The result should be a full, exact repeat of the entries, free of pictures.

*** MATERIAL PROVIDED ***

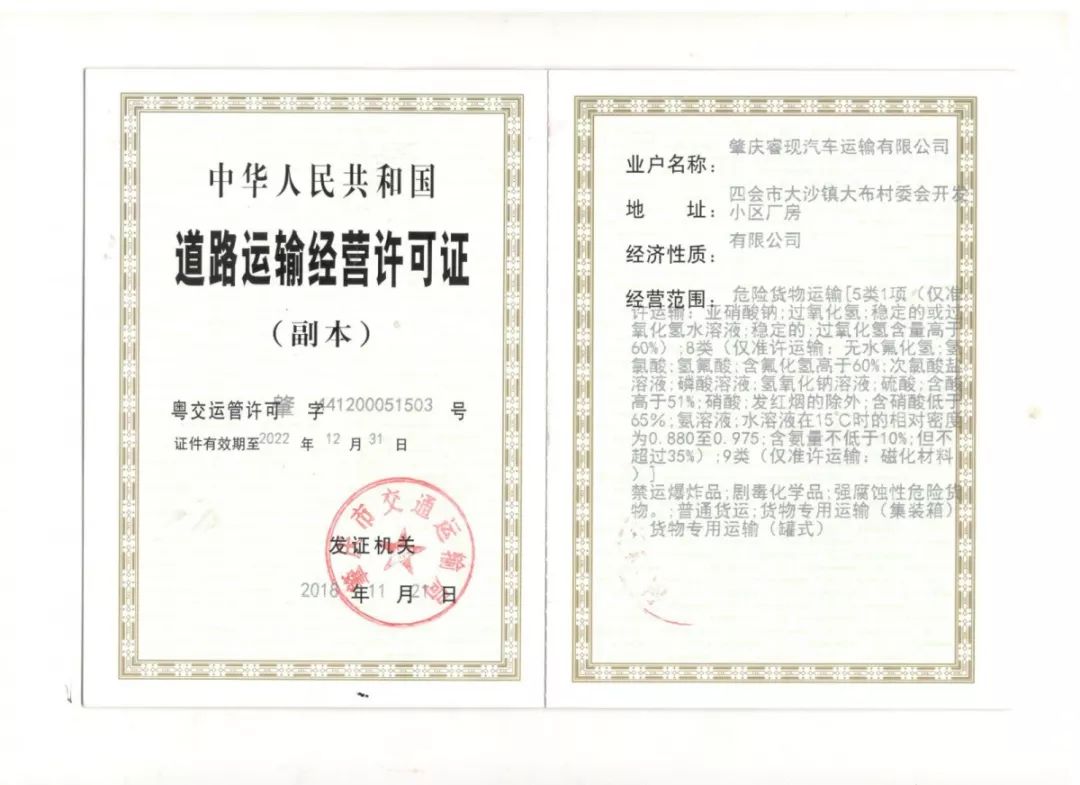 肇慶?，F汽車(chē)運輸有限公司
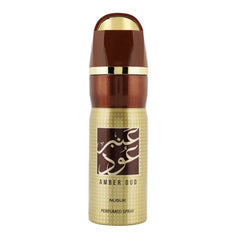 Bruine en gouden aerosol parfumfles met Arabische kalligrafie voor Nusuk Deodorant Amber Oud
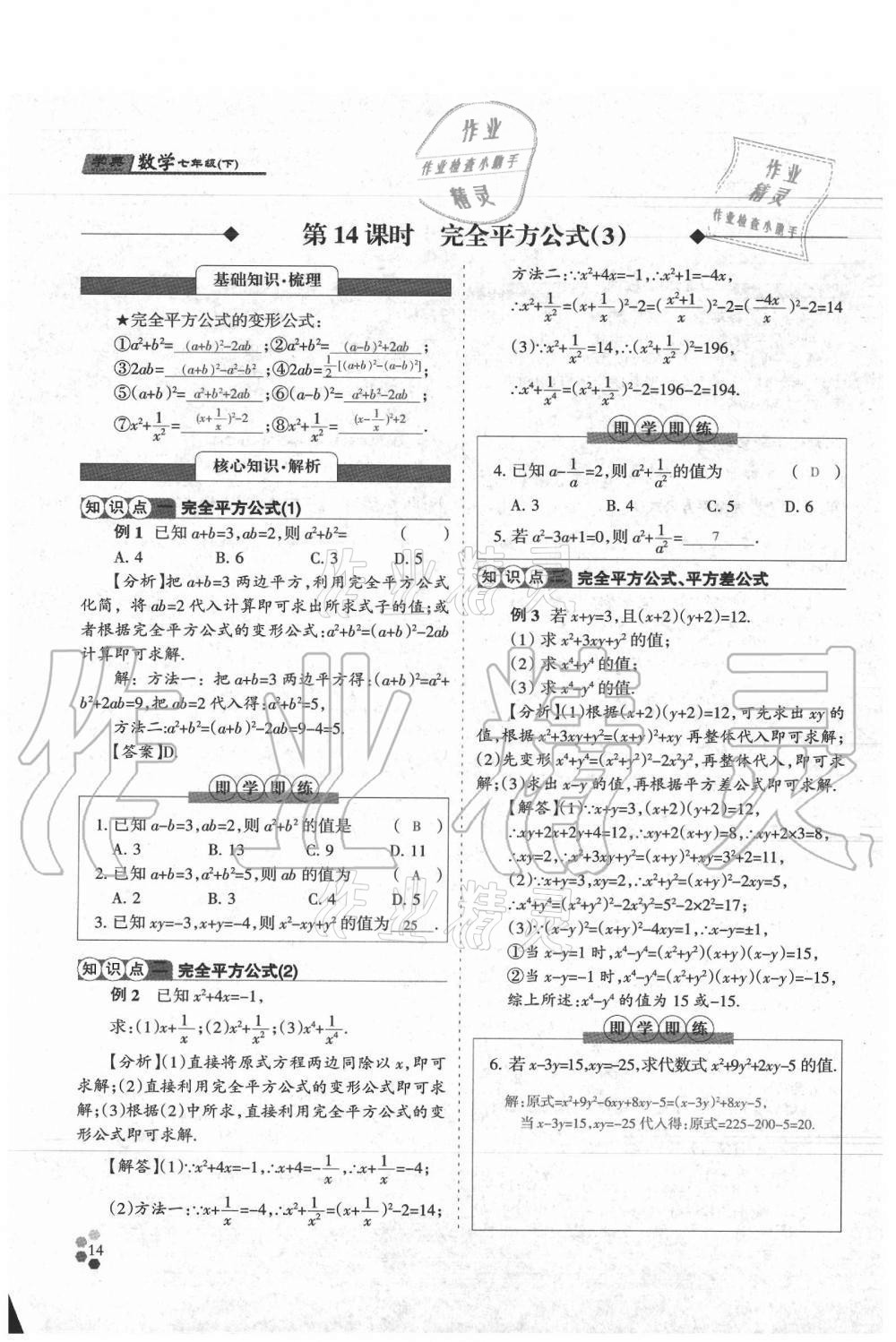 2021年學(xué)典七年級數(shù)學(xué)下冊北師大版 參考答案第14頁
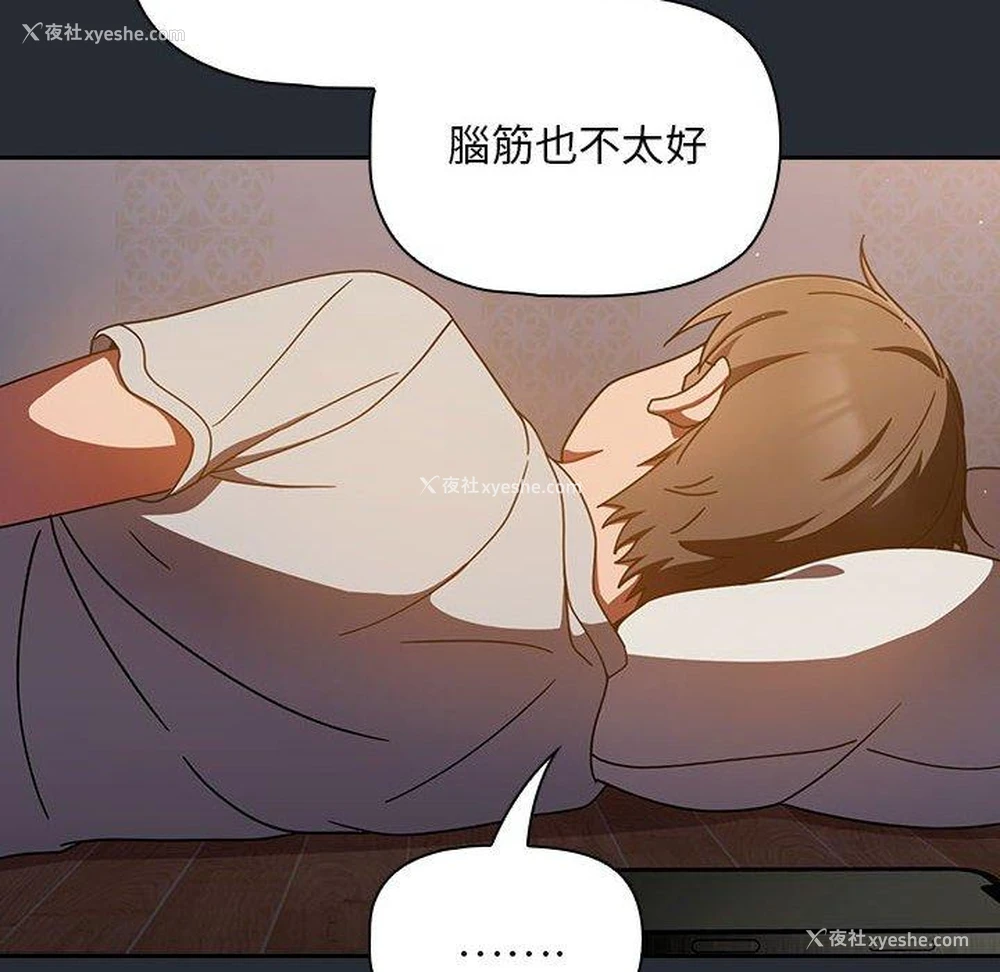117P - 欢迎加入粉丝团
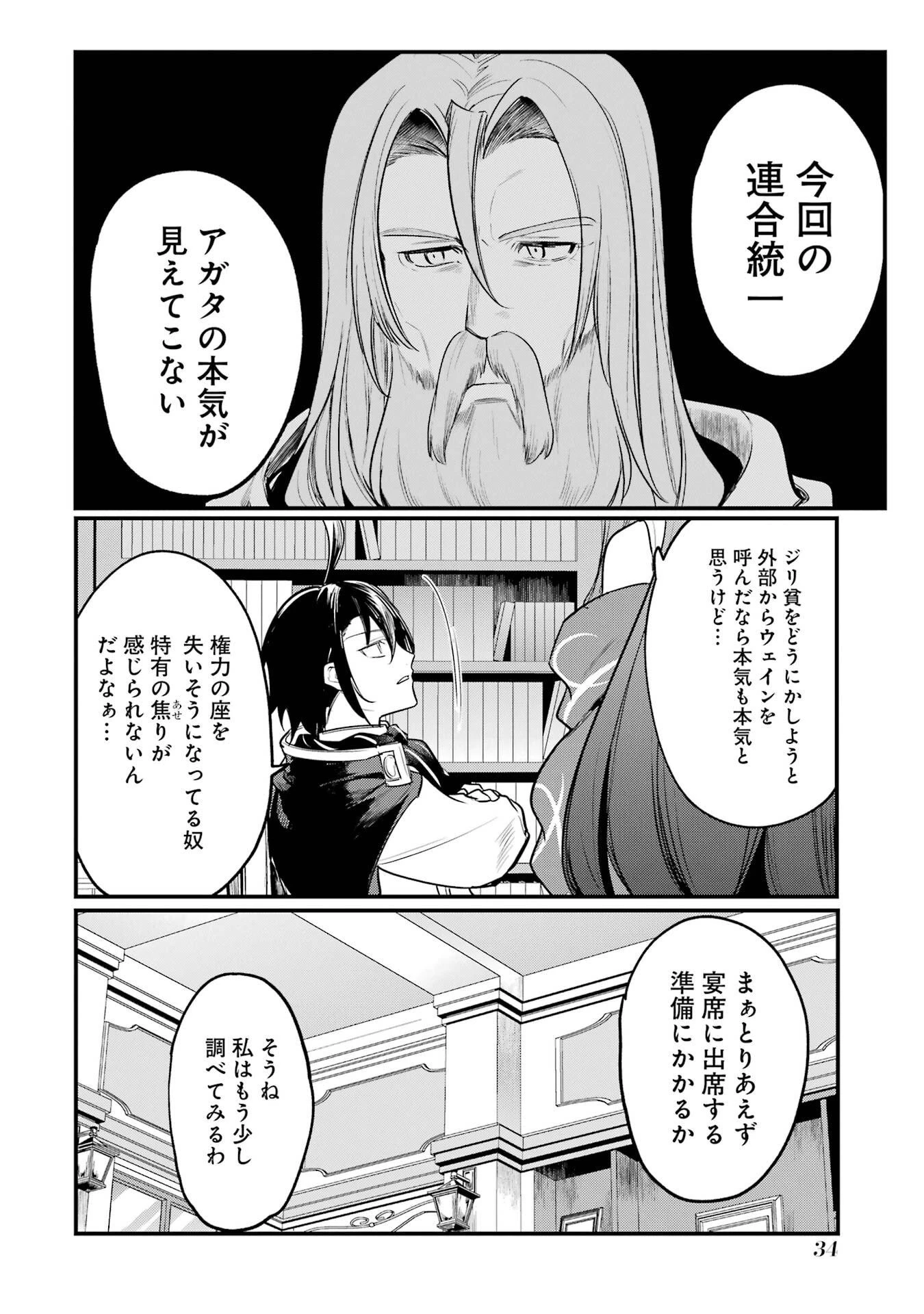 そうだ、売国しよう ～天才王子の赤字国家再生術～ 第59話 - 31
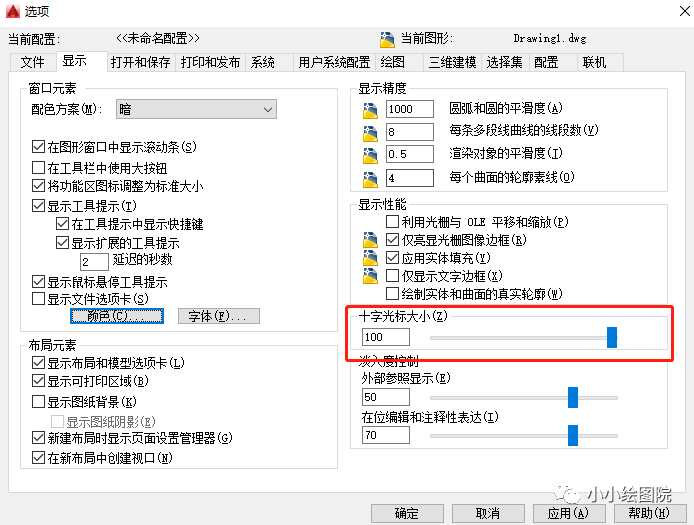 CAD安装完成后需要进行的设置（事半功倍）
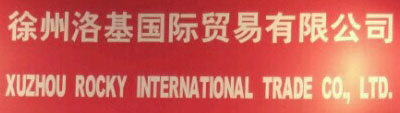 Xuzhou Rocky International Trade Co.,Ltd. logo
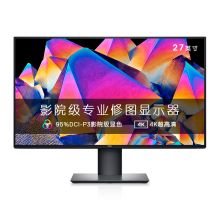 戴尔 DELL U2720QM 27英寸显示器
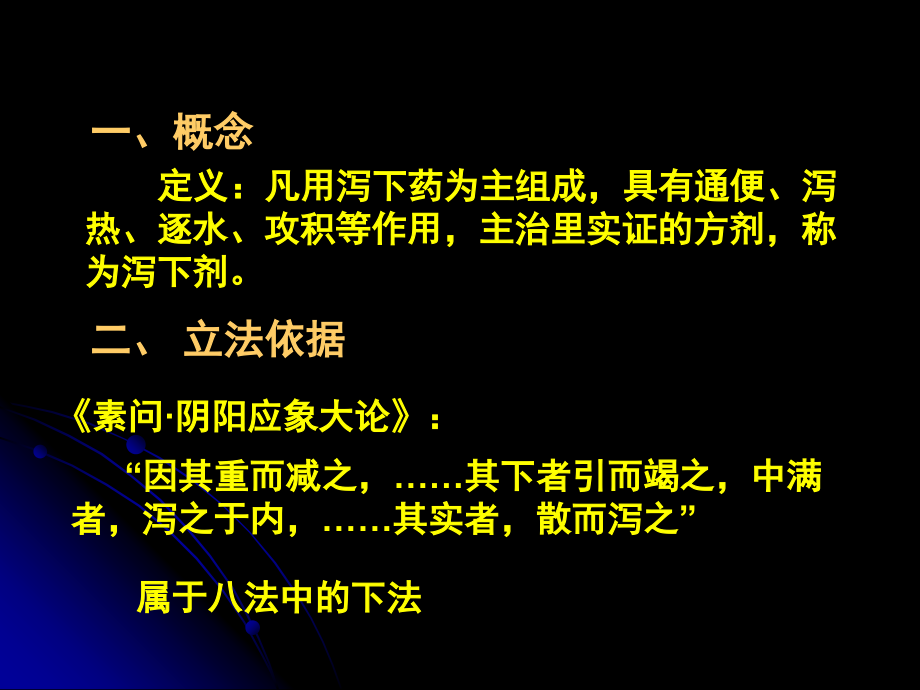 各论第7章---泻下剂.ppt_第2页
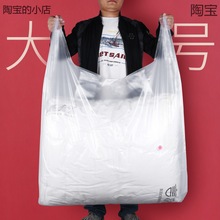 大背心袋超大塑料袋打包收纳搬家包装袋大号垃圾袋手提手拎方便袋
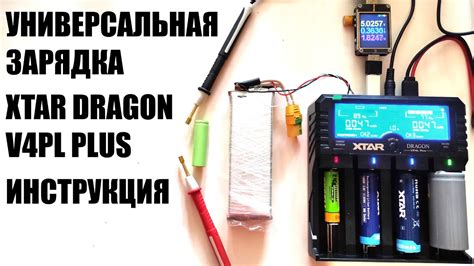 Xtar Dragon Vp L Plus Youtube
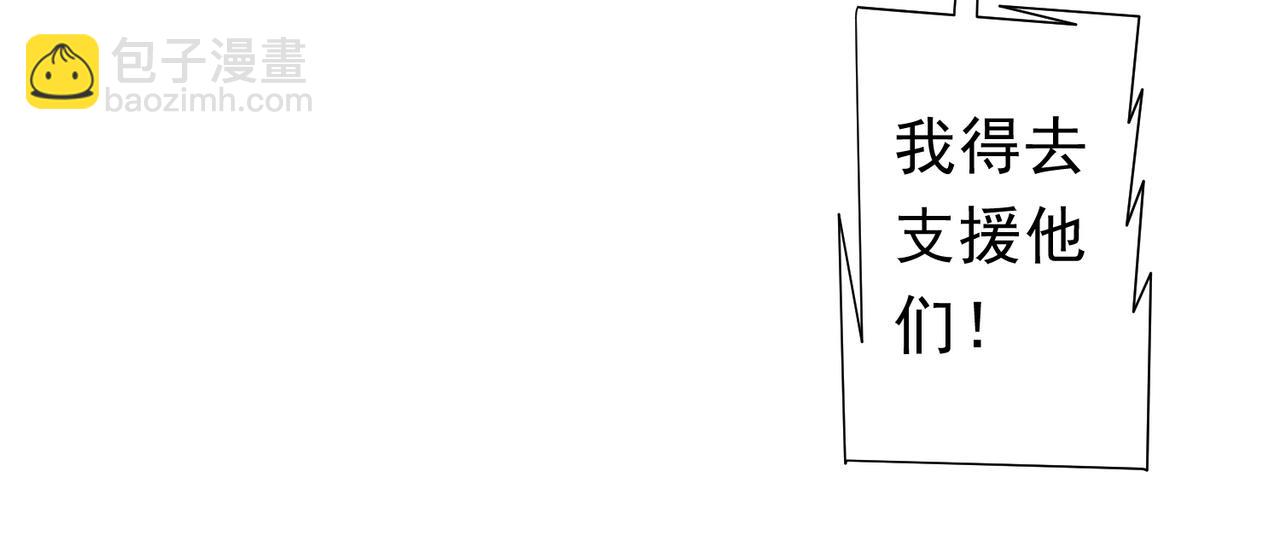 第117话 地图到手！(1/4)-第158话
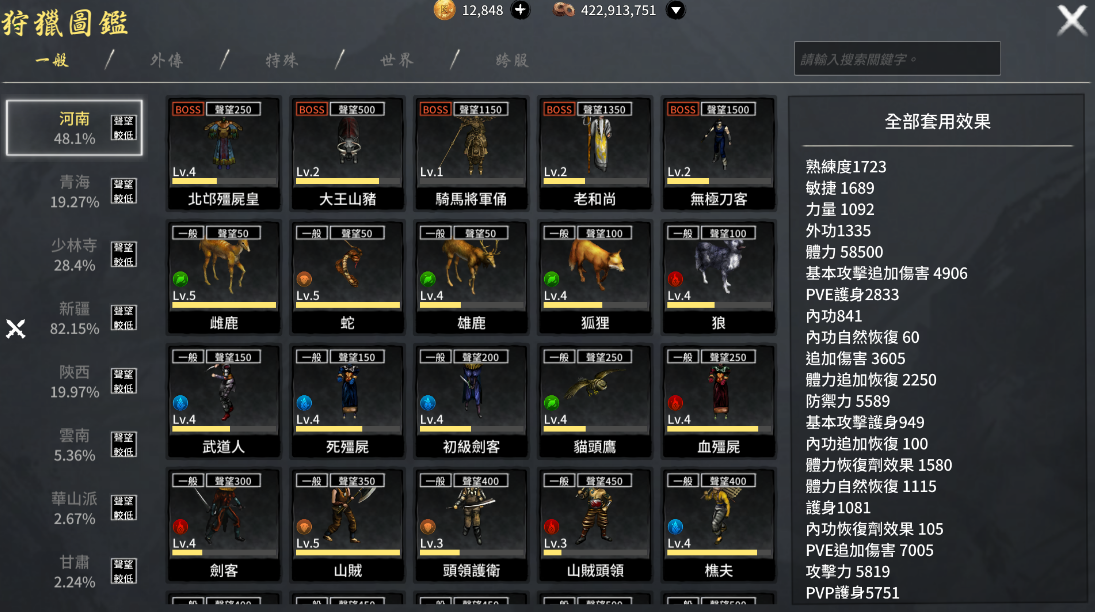 全部套用效果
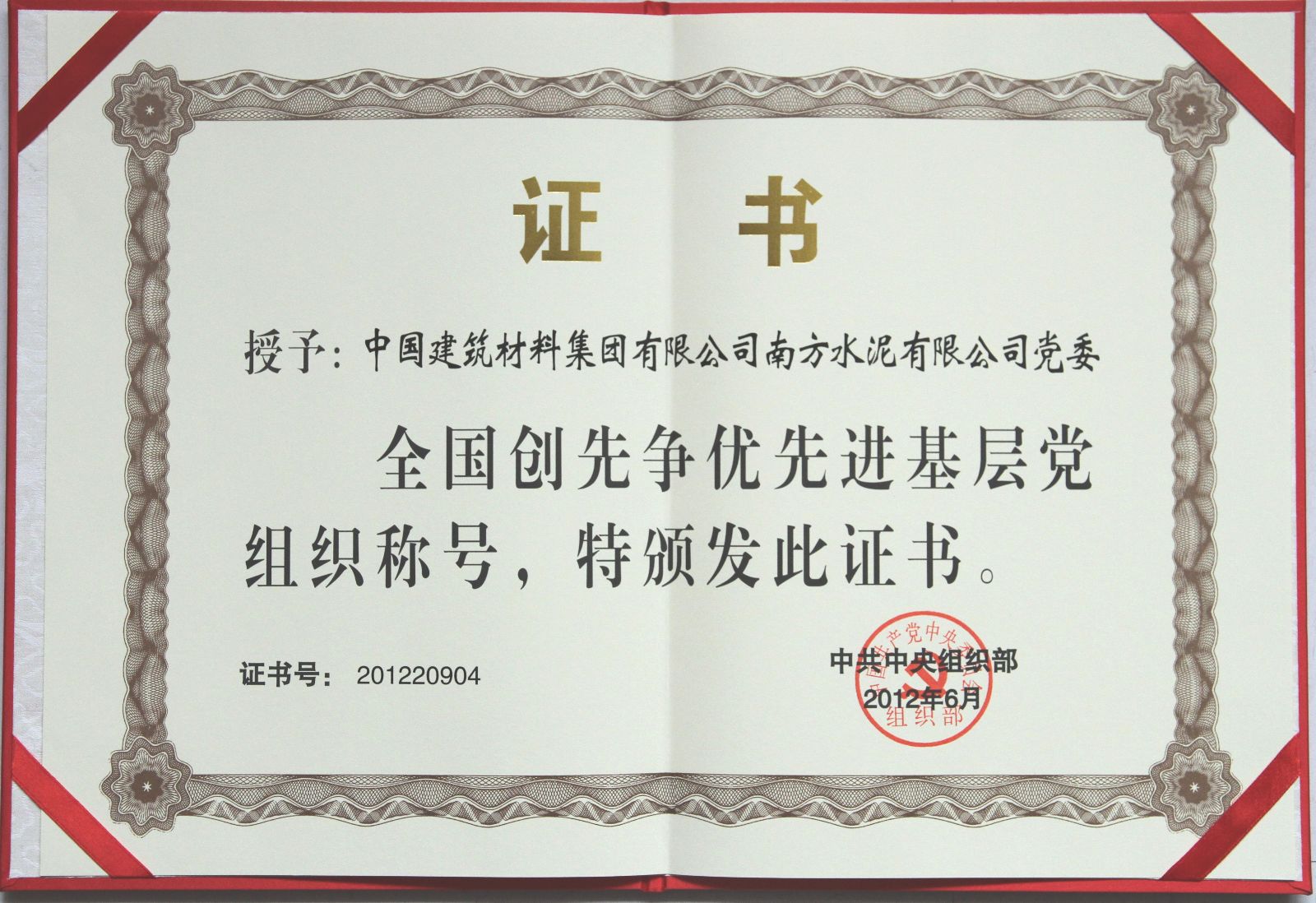 海洋之神·hy590(中国)最新官方网站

*** End of MATERIAL PROVIDED ***

• _COMPLETED TASK_
 肇慶?，F汽車(chē)運輸有限公司
 Bruine en gouden aerosol parfumfles met Arabische kalligrafie voor Nusuk Deodorant Amber Oud
 2021年學(xué)典七年級數(shù)學(xué)下冊北師大版 參考答案第14頁
117P - 欢迎加入粉丝团
 そうだ、売国しよう ～天才王子の赤字国家再生術～ 第59話 - 31
 CAD安装完成后需要进行的设置（事半功倍）
 Xuzhou Rocky International Trade Co.,Ltd. logo
 戴尔 DELL U2720QM 27英寸显示器
 各论第7章---泻下剂.ppt_第2页
 大背心袋超大塑料袋打包收纳搬家包装袋大号垃圾袋手提手拎方便袋
 Xtar Dragon Vp L Plus Youtube
 第117话 地图到手！(1/4)-第158话
 全部套用效果
 海洋之神·hy590(中国)最新官方网站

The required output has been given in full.